I'm not quite sure where to start trying to repair/resolve my issue. My 91 C4's hydraulic pump might be on it's way out. As you may know when turning the ignition to the on position the hydraulic uint will prime the system for about 30-40 secs and then stop. From there you can start the car. As I daily drive my car I recently noticed the pump didn't kick on right away after sitting for long period (after a work day or overnight) When it did ultimately start, the pump seemed to be going on then off as if the power plug was loose.

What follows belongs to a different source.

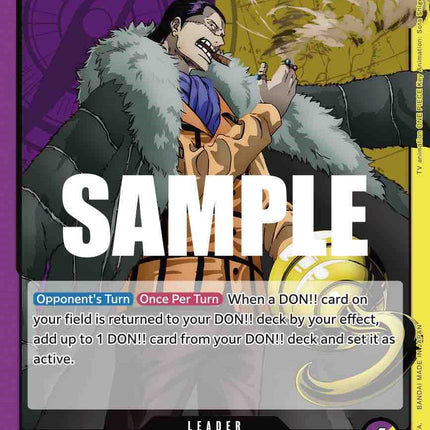 Crocodile [Kingdoms of Intrigue]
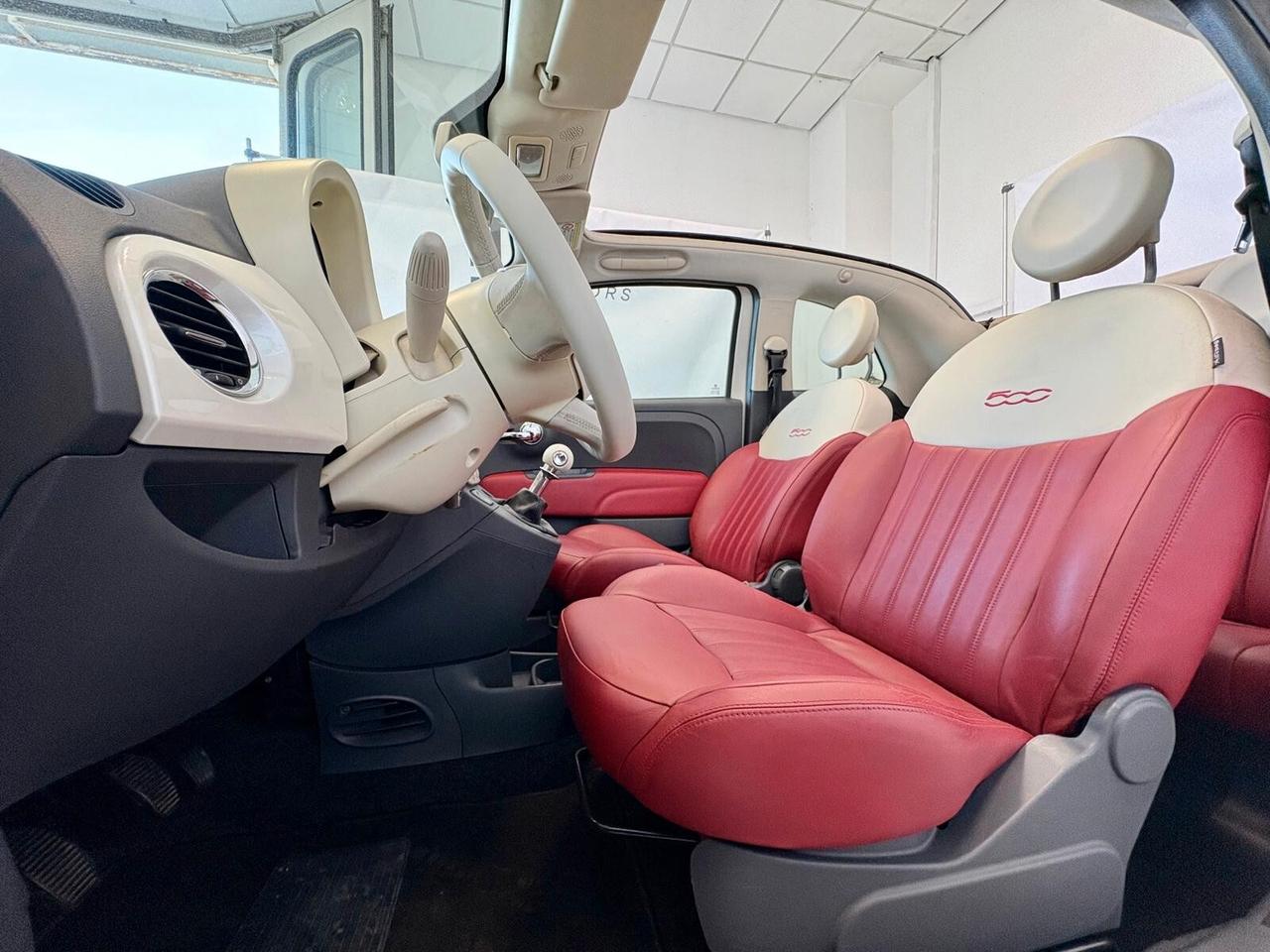 Fiat 500 500C III 1.2 by Gucci 69cv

Naturally, I checked the connection to the pump which was fine, Checked brake fluid levels and that was fine. Looked for any leaks and did not find any. Doing some research on the forum and texting Goughary I found old threads mentioning the pump pressure switch and relay. Or the possibility of rebuilding it with a Jaguar pump. Since the relay was a low hanging fruit. I pulled a working relay from another local 964 c4 owner but sadly that did not resolve my issue. So that leaves the horrendously expensive pressure switch.

At this point you're probably asking what about the "bomb". I tried testing the pressure by pressing the brake pedal about 20-25 times with the ignition off. And while the pedal gets somewhat firm there is some play for me to push down with very little resistance. Once turning the ignition on still nothing. I will say if I turn the car over and press the brake pedal I would be able to get the pump to kick on but when I press the pedal it would sink down and pump would stop. This leads me to believe that it is possibly the "bomb" since it's not building pressure it doesn't allow the pump to detect pressure in order to turn on. That being said, how do I bleed the bomb in order to swap it out, if I can't get it to pressurize?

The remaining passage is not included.